Anais Nin, Schriftstellerin

Stichtag

14. Januar 1977 - Anaïs Nin stirbt in Los Angeles

Paris in den 1930er Jahren: Anaïs Nin ist mit Hugo Guiler verheiratet, einem Banker aus New York, mit dem sie aus den USA an die Seine gezogen ist. Nin spricht nicht nur Englisch, sondern auch Französisch. Denn sie stammt ursprünglich aus Frankreich, wo sie am 21. Februar 1903 in Neuilly geboren wurde. Als Gattin versteht sie zu repräsentieren. Sie ist elegant, gebildet - und führt ein Doppelleben. In ihr Tagebuch schreibt sie 1931: "Ich bin entschlossen, mir keine Erfahrung, die sich mir bietet, entgehen zu lassen."

Kurze Zeit später trifft sie den Schriftsteller Henry Miller. Die Begegnung wird für Nin zum Schlüsselerlebnis: "Sein Schreibstil ist vehement, männlich, animalisch, prachtvoll", notiert sie. "Er ist ein Mann, der sich am Leben berauscht, dachte ich. Er ist wie ich." Bald verbindet die beiden eine heftige intellektuelle und erotische Leidenschaft. Auch mit Millers Frau June hat Nin eine Affäre. Sie stürzt sich von einer Liebschaft in die nächste. Selbst mit ihrem Bruder, ihrem Vetter und ihrem Vater soll sie etwas gehabt haben. Nin beschäftigt sich intensiv mit Psychoanalyse. Otto Rank, ein enger Freund von Siegmund Freud, verfällt ihr ganz und gar.

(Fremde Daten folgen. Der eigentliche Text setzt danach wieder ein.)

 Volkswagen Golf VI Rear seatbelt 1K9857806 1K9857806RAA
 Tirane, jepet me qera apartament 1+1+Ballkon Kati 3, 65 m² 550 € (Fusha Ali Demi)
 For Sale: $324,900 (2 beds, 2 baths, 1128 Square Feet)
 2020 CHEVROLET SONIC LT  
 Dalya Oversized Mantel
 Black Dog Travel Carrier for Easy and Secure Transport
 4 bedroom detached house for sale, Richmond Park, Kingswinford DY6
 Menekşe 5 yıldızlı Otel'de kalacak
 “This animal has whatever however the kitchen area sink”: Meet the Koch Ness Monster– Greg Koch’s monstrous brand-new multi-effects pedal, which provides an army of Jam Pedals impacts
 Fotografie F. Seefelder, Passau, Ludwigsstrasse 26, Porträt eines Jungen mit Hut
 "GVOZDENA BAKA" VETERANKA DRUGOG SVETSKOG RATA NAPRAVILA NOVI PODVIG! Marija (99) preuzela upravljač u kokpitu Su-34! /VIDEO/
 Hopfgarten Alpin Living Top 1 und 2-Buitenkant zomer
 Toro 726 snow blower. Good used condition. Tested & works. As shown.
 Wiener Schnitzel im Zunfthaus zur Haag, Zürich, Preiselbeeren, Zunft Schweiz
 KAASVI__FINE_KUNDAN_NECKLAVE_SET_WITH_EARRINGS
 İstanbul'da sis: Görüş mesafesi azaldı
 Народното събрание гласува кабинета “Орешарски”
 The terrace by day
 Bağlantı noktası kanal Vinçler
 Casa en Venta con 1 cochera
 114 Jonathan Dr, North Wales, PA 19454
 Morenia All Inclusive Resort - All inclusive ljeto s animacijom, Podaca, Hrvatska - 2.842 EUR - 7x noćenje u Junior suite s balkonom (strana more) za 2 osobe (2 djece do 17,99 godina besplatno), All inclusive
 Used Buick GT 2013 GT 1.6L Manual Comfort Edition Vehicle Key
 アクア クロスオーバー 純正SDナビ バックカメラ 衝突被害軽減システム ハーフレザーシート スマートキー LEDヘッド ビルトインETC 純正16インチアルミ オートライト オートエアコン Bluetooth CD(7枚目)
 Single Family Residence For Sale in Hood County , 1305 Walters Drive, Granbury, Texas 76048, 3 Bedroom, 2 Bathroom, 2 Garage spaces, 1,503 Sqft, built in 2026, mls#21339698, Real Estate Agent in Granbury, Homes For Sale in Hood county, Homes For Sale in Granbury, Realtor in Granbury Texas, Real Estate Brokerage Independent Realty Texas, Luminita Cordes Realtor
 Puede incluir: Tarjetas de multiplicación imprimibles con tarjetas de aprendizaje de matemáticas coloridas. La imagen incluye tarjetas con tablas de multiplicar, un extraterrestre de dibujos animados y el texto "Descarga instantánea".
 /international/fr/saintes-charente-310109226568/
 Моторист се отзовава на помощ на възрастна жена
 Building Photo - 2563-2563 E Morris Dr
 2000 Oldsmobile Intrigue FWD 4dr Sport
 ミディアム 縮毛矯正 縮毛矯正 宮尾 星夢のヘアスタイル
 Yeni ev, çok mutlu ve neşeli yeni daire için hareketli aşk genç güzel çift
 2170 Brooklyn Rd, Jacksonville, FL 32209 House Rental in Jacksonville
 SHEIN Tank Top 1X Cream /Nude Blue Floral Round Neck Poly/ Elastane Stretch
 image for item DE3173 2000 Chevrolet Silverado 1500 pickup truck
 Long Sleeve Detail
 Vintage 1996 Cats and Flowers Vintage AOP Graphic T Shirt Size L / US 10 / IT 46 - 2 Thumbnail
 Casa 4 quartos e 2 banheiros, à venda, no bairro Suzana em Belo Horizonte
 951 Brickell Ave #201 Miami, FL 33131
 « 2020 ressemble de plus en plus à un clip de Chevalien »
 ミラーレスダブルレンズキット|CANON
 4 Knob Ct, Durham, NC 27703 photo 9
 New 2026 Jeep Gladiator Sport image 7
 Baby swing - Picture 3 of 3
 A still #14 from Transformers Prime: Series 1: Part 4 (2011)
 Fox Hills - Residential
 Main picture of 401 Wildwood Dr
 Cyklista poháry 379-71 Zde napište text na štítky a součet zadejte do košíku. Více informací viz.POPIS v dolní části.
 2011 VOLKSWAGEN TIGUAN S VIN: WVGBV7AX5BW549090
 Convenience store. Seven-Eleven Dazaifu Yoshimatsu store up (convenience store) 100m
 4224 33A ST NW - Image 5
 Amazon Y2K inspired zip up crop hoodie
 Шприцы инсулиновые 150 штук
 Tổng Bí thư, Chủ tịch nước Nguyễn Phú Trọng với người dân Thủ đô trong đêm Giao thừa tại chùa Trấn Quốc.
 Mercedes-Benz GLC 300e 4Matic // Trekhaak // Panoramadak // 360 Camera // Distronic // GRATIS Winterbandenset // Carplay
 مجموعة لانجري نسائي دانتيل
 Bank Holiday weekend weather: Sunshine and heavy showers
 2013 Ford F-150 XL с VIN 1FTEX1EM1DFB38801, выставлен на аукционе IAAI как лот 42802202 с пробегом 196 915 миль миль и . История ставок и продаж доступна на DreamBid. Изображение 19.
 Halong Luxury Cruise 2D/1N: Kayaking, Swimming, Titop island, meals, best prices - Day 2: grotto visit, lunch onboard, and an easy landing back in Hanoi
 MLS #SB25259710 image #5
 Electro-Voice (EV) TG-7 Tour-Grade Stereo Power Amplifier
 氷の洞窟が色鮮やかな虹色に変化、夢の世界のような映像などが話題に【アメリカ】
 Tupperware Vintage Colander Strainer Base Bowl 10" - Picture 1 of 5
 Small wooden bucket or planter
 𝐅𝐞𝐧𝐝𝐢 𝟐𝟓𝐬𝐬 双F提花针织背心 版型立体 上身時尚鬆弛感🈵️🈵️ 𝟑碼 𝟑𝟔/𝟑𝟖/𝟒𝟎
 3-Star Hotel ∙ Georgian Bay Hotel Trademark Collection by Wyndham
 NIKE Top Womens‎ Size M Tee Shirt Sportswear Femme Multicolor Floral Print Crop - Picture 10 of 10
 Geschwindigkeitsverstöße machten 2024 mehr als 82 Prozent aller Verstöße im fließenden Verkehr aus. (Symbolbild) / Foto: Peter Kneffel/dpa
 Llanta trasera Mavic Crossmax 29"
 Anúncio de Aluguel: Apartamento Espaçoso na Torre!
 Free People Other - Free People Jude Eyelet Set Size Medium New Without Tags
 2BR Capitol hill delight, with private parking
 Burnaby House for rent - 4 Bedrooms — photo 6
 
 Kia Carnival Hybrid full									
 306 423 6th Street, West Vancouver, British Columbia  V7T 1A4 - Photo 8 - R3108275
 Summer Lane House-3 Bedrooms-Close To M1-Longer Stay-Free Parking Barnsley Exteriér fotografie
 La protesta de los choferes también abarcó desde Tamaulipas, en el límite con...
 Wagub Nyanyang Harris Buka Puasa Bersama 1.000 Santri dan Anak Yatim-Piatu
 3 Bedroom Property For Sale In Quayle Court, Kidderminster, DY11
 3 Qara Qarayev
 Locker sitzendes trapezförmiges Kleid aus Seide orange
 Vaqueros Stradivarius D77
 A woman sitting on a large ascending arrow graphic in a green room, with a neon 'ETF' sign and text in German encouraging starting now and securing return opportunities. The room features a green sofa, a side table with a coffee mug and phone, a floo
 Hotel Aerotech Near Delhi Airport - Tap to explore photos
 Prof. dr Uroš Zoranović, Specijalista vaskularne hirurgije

Anaïs Nin reflektiert ihre Erfahrungen und Erlebnisse in Tagebüchern, die sie seit ihrem elften Lebensjahr führt. Damals sehnt sie sich nach ihrem Vater, einem spanischen Konzertpianisten, der seine Frau in Kuba kennengelernt hatte. Doch die Ehe ist gescheitert, der Erste Weltkrieg beginnt und so emigriert die Mutter mit Anaïs und ihrem Bruder 1914 nach New York. "Ich habe angefangen zu schreiben", sagt Nin später, "als ich meinem Vater, der nicht mitreisen konnte, die Reise von Europa nach Amerika erzählen wollte." Ingesamt füllen die Eintragungen am Ende ihres Lebens rund 50.000 Seiten.

Traum und Wirklichkeit

"Was mich am meisten bei der Niederschrift meines Tagebuchs interessiert hat, war das Geheimnis meines Ichs", sagt Nin, die sich für Träume interessiert: "Ein Satz von C. G. Jung hat mich sehr inspiriert: vom Traum in die Wirklichkeit hinausgehen." Im Leben wie in der Literatur balanciert Nin auf einem schmalen Grat: "Der Traum ist eine Art Vorbild für Anaïs Nin gewesen, dass alles noch mehr und ganz anders, verrätselter, geheimnisvoller und faszinierender sein kann", sagt Nin-Biografin Linde Salber.

Als der Zweite Weltkrieg beginnt, kehrt Nin mit Guiler von Paris nach New York zurück. Ab 1940 schreibt sie erotische Geschichten, für einen Dollar pro Seite. Später machen diese unter dem Titel "Delta der Venus" Furore. Mit ihrem Liebhaber, einem mittellosen peruanischen Schriftsteller, gründet sie einen Verlag und druckt ihre ersten surrealistischen Erzählungen selbst. 1947 trifft sie auf einer Party den Schauspieler Rupert Pole. Er wird ihr eine Art zweiter Ehemann. Mit ihm lebt sie in Los Angeles, in New York mit Guiler. Beide wissen lange nichts voneinander. Guiler weiß ohnehin jahrzehntelang nicht, was seine "Pussycat" sonst noch so treibt.

Selbstverwirklichung und Selbstbestimmung

Der große Durchbruch kommt für Nin in den 1960er und 1970er Jahren - mit den Hippies, die ebenfalls den Traum von einem anderen Leben, fern der etablierten Bürgerlichkeit, verwirklichen wollen. 1966 erscheinen Nins Tagebücher und werden weltweit zu Bestsellern. Nin wird zum Vorbild weiblicher Selbstverwirklichung und sexueller Selbstbestimmung.

Die Universität von Los Angeles kauft 1975 Originaltagebücher und Briefe an, die Nin seit den 1930er Jahren in Banksafes gehütet hat. Sie versteht sich als Schriftstellerin, die mit ihrer ganzen Existenz experimentiert hat und ausgebrochen ist. "Sie fand das so wichtig, dass sie das selber dokumentiert hat", sagt Biografin Salber. Nin habe anderen erzählen wollen, "mit welchen Mühen, Schmerzen, Verzweiflungen und Höhenflügen es verbunden ist, wenn man vom Wege abgeht." Anaïs Nin stirbt am 14. Januar 1977 im Alter von 73 Jahren in Los Angeles.